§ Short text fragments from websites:

:::

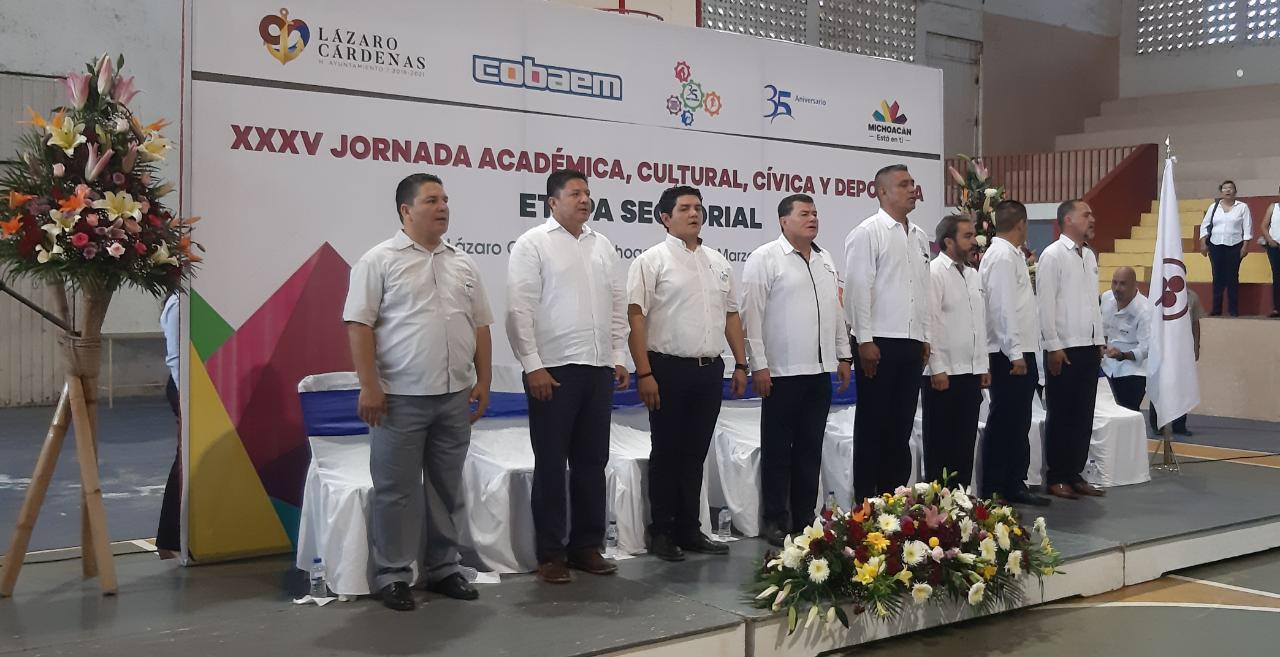 Pide desarrollo educativo para Michoacán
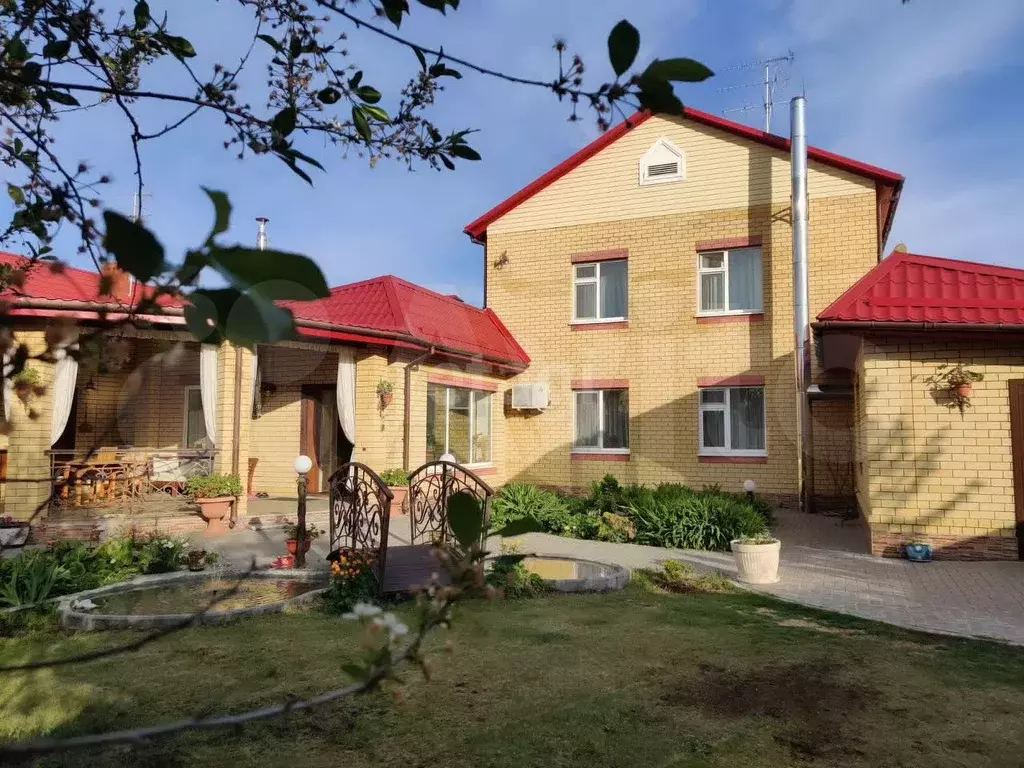 Дом 349 м на участке 10 сот. - Фото 0
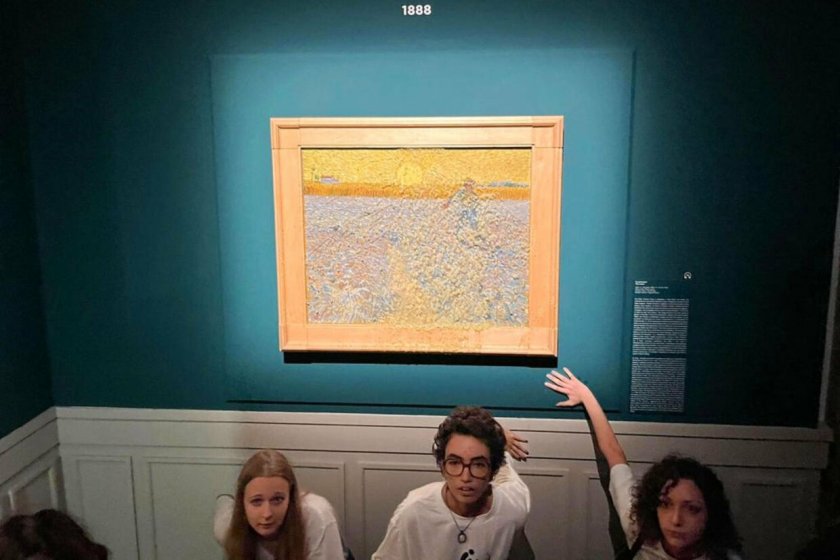 Картината на Ван Гог Сеячът“ беше залята със супа в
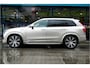 Volvo XC90 2.0 T8 AWD 335kW/455pk Aut8 Recharge Long Range Ultimate Bright 7P LUCHTVERING + BOWERS&WILKINS + PANORAMADAK + STOEL-&STUURVERWARMING + STOELMASSAGE + ADAPT.CRUISE + PILOT ASSIST + BLIS + GOOGLE DASH&SERVICES + 360 CAMERA + PARKSENSOREN V&A + 21" LM-VELG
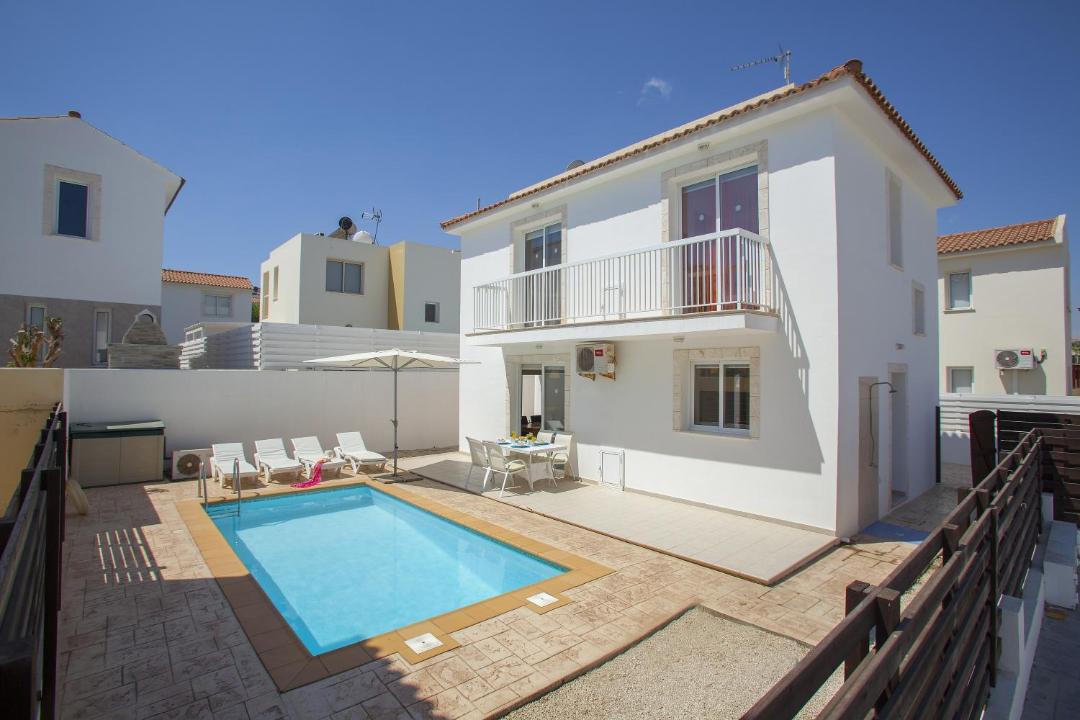 Photo of Outdoor in Pernera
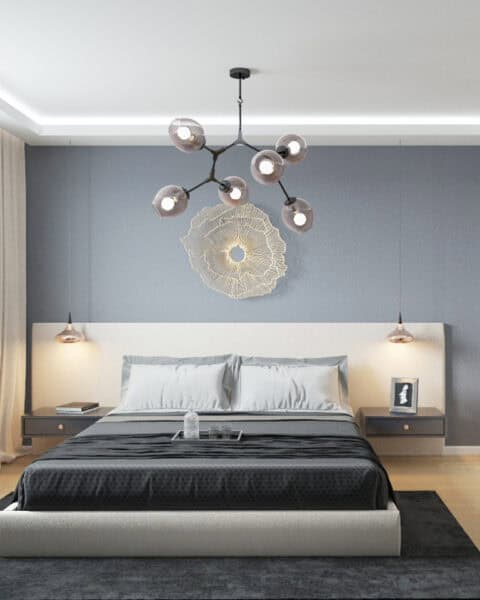 Suadiye yatak odasında başucu sarkıt aydınlatma, geniş yatak yerleşimi ve gri duvarla modern tasarım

:::

§ DESCRIPTION OF THE TASK:
None of the images should be copied, but every entry must be given again exactly.

§ WRITTEN SOLUTION:
 Pide desarrollo educativo para Michoacán
 Дом 349 м на участке 10 сот. - Фото 0
 Картината на Ван Гог Сеячът“ беше залята със супа в
 Volvo XC90 2.0 T8 AWD 335kW/455pk Aut8 Recharge Long Range Ultimate Bright 7P LUCHTVERING + BOWERS&WILKINS + PANORAMADAK + STOEL-&STUURVERWARMING + STOELMASSAGE + ADAPT.CRUISE + PILOT ASSIST + BLIS + GOOGLE DASH&SERVICES + 360 CAMERA + PARKSENSOREN V&A + 21" LM-VELG
 Photo of Outdoor in Pernera
 Suadiye yatak odasında başucu sarkıt aydınlatma, geniş yatak yerleşimi ve gri duvarla modern tasarım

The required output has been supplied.